FAIRFIELD — It will now be in the hands of voters in November whether to approve an operating levy for the Fairfield City School District.

The Board of Education decided unanimously Aug. 4, in front of a full house in the Fairfield Intermediate School cafeteria, to place a 6.5-mill operating levy on the Nov. 8 ballot.

The levy would bring in an estimated $9.27 million a year to avert an approximately $9 million deficit at the end of the 2012-13 school year, said Treasurer Nancy Lane.

The levy would cost the owner of a $100,000 home $199.06 a year, or $16.59 per month.

It will carry the district through June 30, 2014.

The levy is needed to maintain the district’s current operating standard and educational programs for students, board member Balena Shorter said. “We’re trying to basically maintain what we’ve already got,” Shorter said. “Why should we give our kids less when we’re talking 65 cents on every $100?”

Board member Sharon Ko echoed Shorter’s stance. “This is one of the most conservative school districts in Greater Cincinnati,” Ko said. “We can do with less, but can we do what we need to do?”

The board’s approval of the levy drew both support and criticism from residents in attendance.

“If we start taking tools away from them, what are we doing for their future?” said Chris Johnson of Fairfield, a parent of three students. “We only get one pass, one chance, at educating our children.”

Former board member Arnold Engel said he will be mounting a campaign against the levy, which he said is not needed because he believes the district has not been fiscally responsible.

“The budget can be balanced without a new levy, it can be balanced without $600 pay-to-play (fees) and it can be balanced without taking our students’ buses,” said Engel, of Fairfield. “What this board needs to do is stop the excessive and wasteful spending.”

The school board also approved at the meeting the reduction of 20 various staff members, including some bus drivers and educational assistants.
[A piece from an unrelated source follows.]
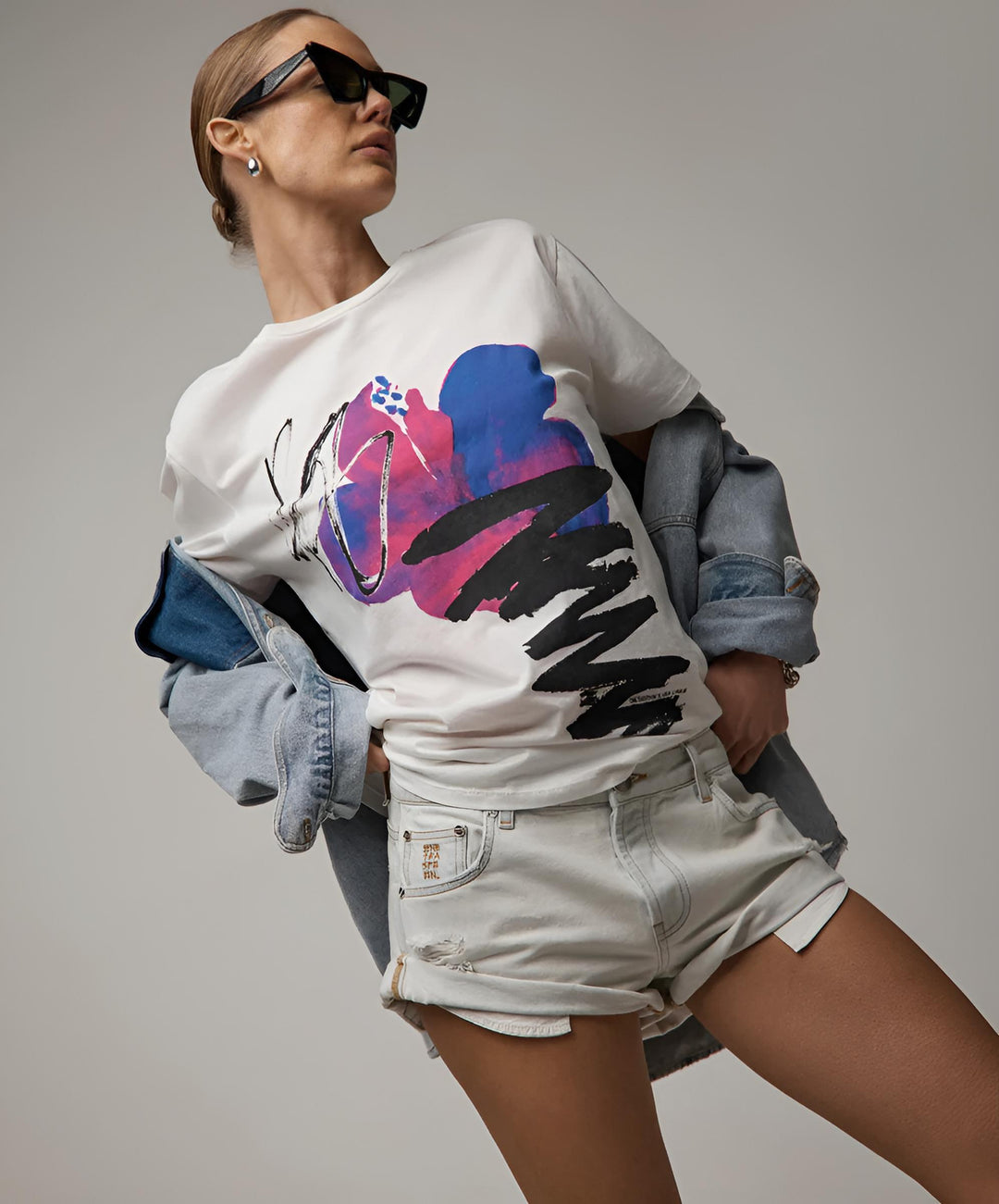 ONE TEASPOON Womens Art Boyfriend Tee in White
It also approved the reduction of 13 custodians and one HVAC technician to save approximately $662,166. The job cuts drew the ire of custodian Tracy Morgan, president of Fairfield City Custodians Local 568.
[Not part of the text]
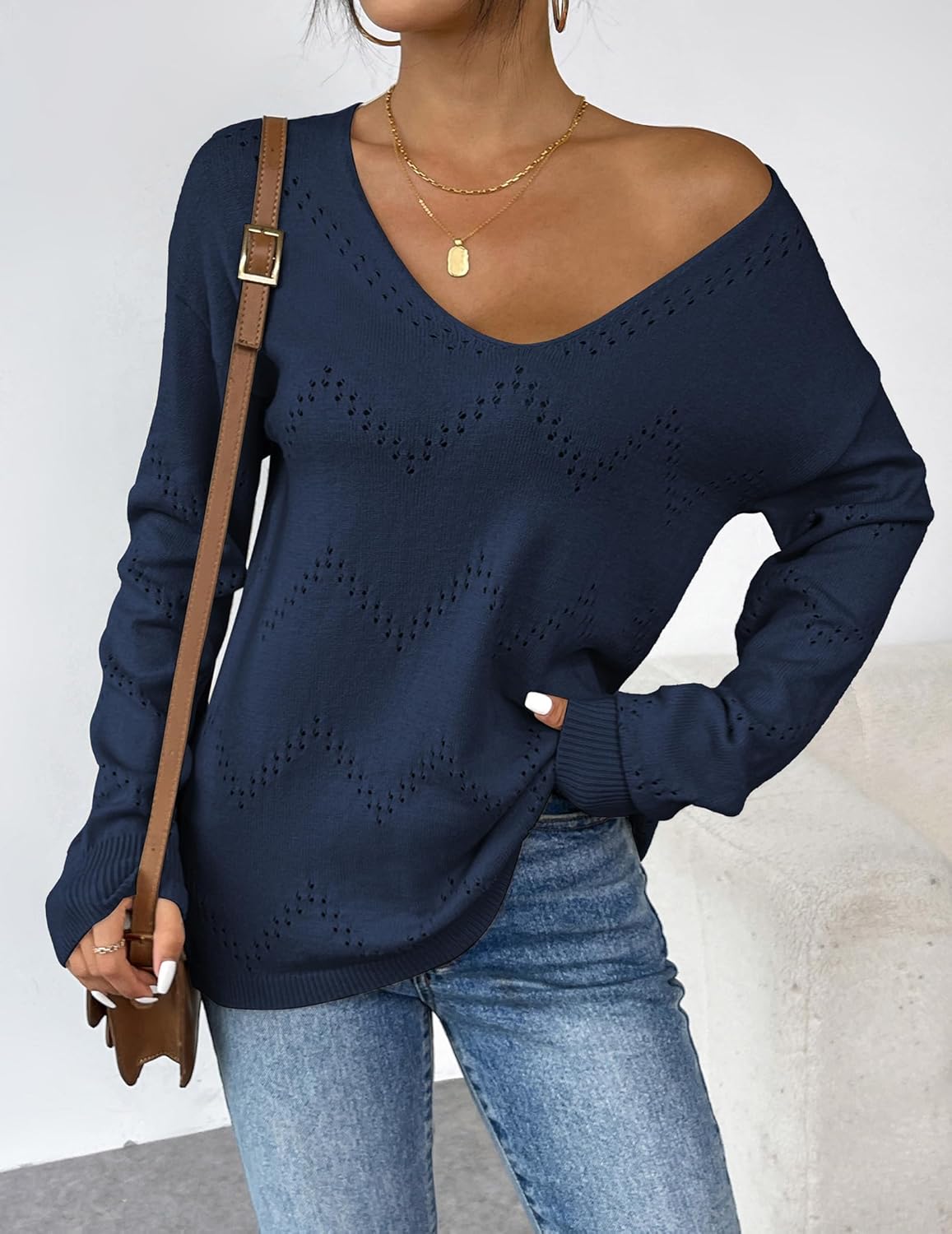 Zeagoo Womens Sweaters Fall Trendy Casual Long Sleeve Shirt Lightweight V Neck Off Shoulder Crochet Pullover Top Outfit - Image 4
“It’s all fine and dandy to get rid of us if that’s all we did was clean,” Morgan said, “but we do anything and everything someone asks of us.”

Morgan said the board made no attempts to work with custodians to restructure their contracts to save the district money, as it did teachers. “We didn’t even get asked if we wanted to help in the savings,” he said. “How are we going to tell our friends and family to go vote for a levy?”

If the operating levy is approved, it will not allow the district to call back employees who have been laid off, board member Mark Morris said.